Beds

Plato talks about representation, using the image of a bed. He explains that when we talk about a bed, there are actually three beds. The first is the bed made by god. The second is the bed made by the carpenter and finally, the third bed is made by the painter. This is like a process God creates the original bed, the idea of a bed. The carpenter manufactures beds and the painter creates representations of the bed. This is a simple example used to demonstrate the point that Plato will go on to make.
The point of this illustration is that, according to Plato, the artist, or poet, only ever represents the thing that the other two have created. As it follows, the artist’s representation of the bed is at third removed from reality. If the representation is removed from reality then it cannot be an accurate picture. He thinks that art is changing reality into something it is not that the artist is basically making reality into what they want reality to be like and represent it in their form of art. This leads to making the viewer believe that the art created by that artist, is what it is in reality. 

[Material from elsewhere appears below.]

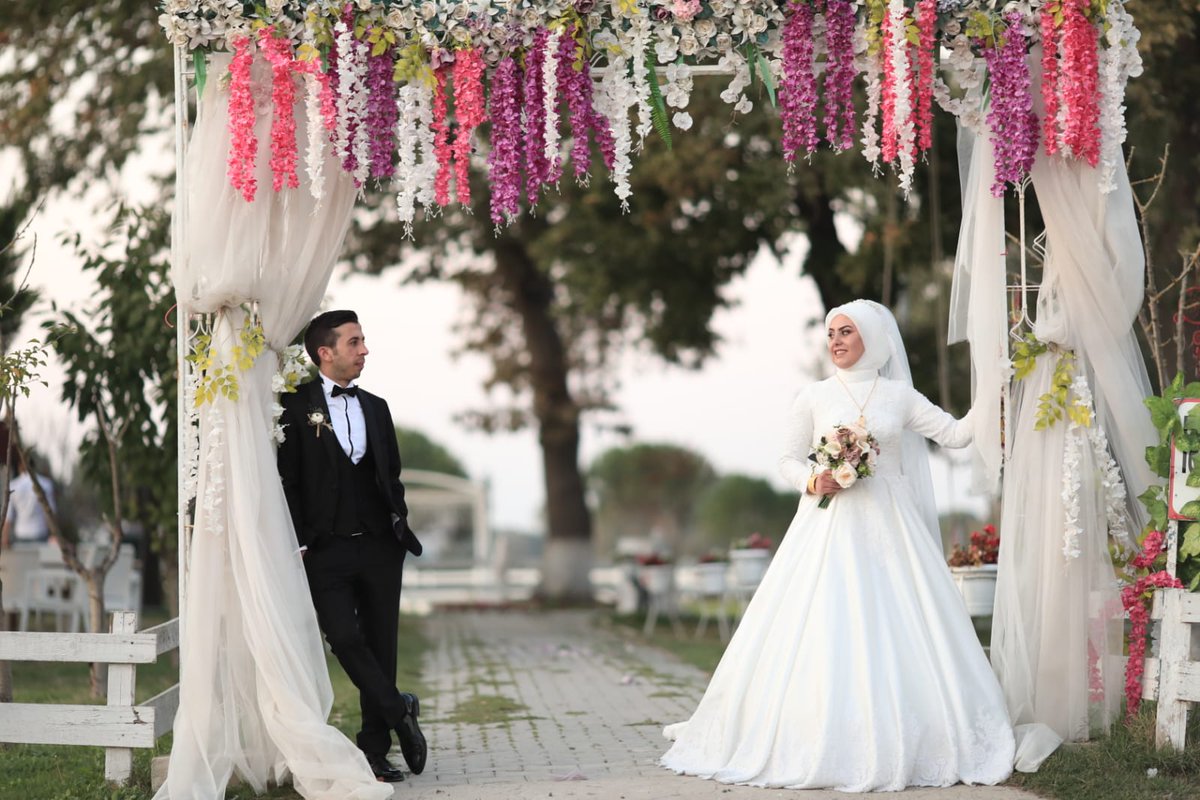 Seher Kurupara (@skurupara) on Twitter photo 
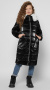 Зимова куртка  DT-8305-8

I don’t agree with Plato because I believe that the art is what the painter or the spectator thinks or feels about it when they look at it. You will get a different feeling and interpretations off a painting.
 Deceptive wouldn’t be the word I would use. Because deceptive is basically saying that the painter wants you to think that his painting means one thing but it actually means another. When in fact as an individual you can have your own feelings towards a painting and feel a whole other way than what the painter felt.